» Task instructions
Below are the records; give again exactly the line with "A long wavy", the line with "Audi A3 SPORTBACK", and each line that lies between them, and nothing besides.

» Available data
+++++

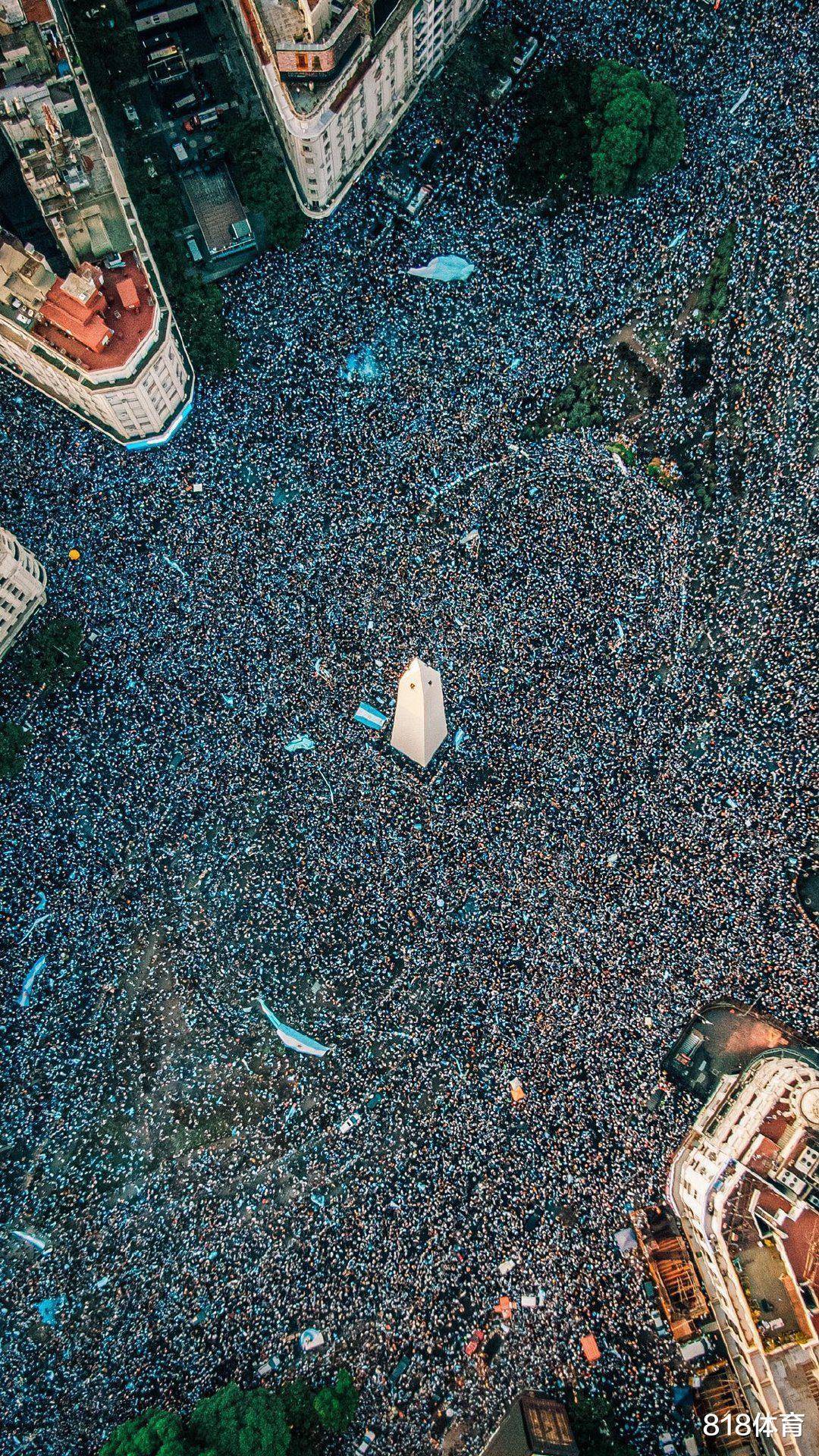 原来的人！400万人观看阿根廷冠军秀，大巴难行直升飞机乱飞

+++++

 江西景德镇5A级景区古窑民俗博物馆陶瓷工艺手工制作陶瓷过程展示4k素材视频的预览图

+++++

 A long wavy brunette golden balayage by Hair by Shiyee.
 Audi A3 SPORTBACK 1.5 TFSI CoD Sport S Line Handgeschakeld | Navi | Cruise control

+++++

» Solution
 A long wavy brunette golden balayage by Hair by Shiyee.
 Audi A3 SPORTBACK 1.5 TFSI CoD Sport S Line Handgeschakeld | Navi | Cruise control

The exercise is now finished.